Monday, December 28, 2009

The China Bubble (4)

Gady Epstein, Forbes Magazine, dated December 28, 2009-

Assuming China’s reckoning does arrive some day, it’s impossible to say whether it might presage Japan-style deflation, Russian-style hyperinflation or American-style stagnation. For now, private, semiprivate and state-owned enterprises are getting creative to keep the boom alive. Some cash-starved local governments are believed to be asking companies to prepay 2010 corporate taxes to meet this year’s budgets. It’s the kind of monkeyshines you might expect in New Jersey or California, not in supposedly cash-rich China.

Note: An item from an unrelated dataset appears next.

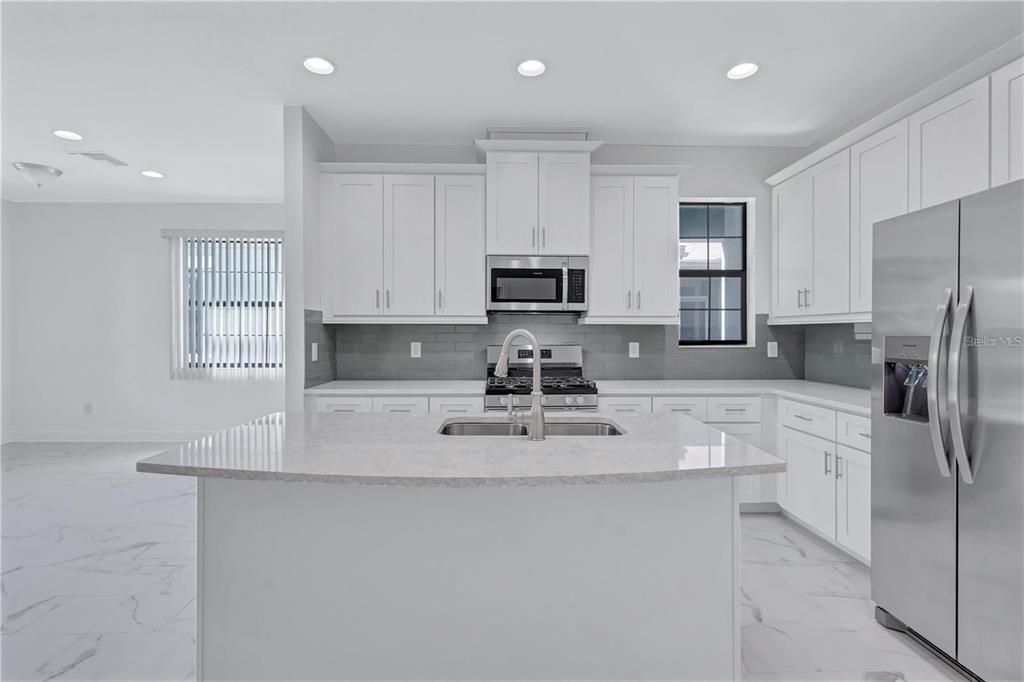 En Venta: $304,900 (2 camas, 2 baños, 1422 Pies cuadrados)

Related-party transactions are another popular funding source. Hainan Expressway Co. in southern China is a government-owned outfit deep in hock. In the last year it has lent some $40 million to its founding shareholder, the Hainan Department of Transportation, and booked the loan due as an asset on its balance sheet. This classification provides the Hainan Expressway with additional collateral to borrow even more in new construction loans from state-owned financial institutions and increases the risk that it will eventually default, according to Northwestern’s Shih.

Western and Hong Kong investors are in on the frenzy, too. Evergrande Real Estate Group, a Guangzhou developer, recently staved off a default on short-term debt by raising $800 million in a Hong Kong initial offering, which bestowed it with a $14 billion market cap. But whom is it kidding? Sixty percent of its “profit” this year is expected to come from increasing the reported value of its properties, a ploy that is a common source of earnings for Chinese real estate developers.

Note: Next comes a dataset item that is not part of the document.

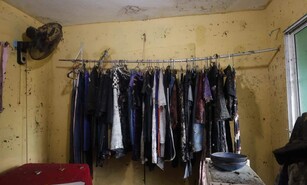 Entre lodo y p&eacute;rdidas: familias de Los Platanitos intentan levantarse tras las inundaciones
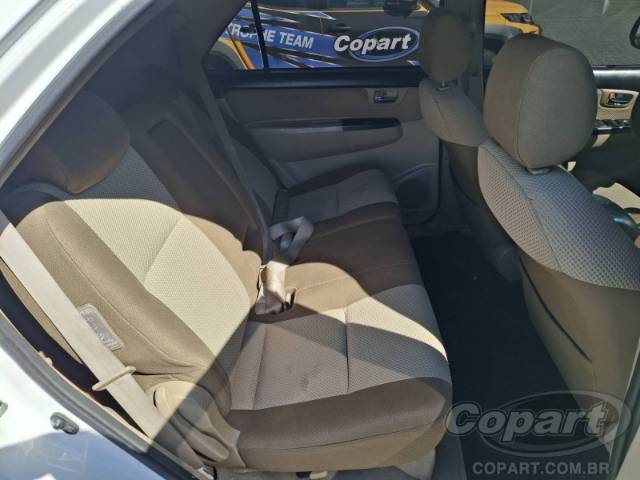 2014 TOYOTA HILUX SW4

As is typical in the later stages of property booms, many investors in China appear to have discarded rental yields as a measure of how much a building is worth in favor of greater-fool pricing. In downtown Beijing office towers sold this year for $400 per square foot, despite the fact that many were unleased and many more are under construction. The leading buyers: state-owned enterprises, including banks and insurers.

Warning Signs

Asset flipping can go on only so long. At some point you need paying tenants.

–Developers highly leveraged, dependent on easy credit.

–Government funding via debt and land sales to state-owned corporations, prepayment of corporate taxes.

–Total outstanding debt approaching Japan’s precrash level.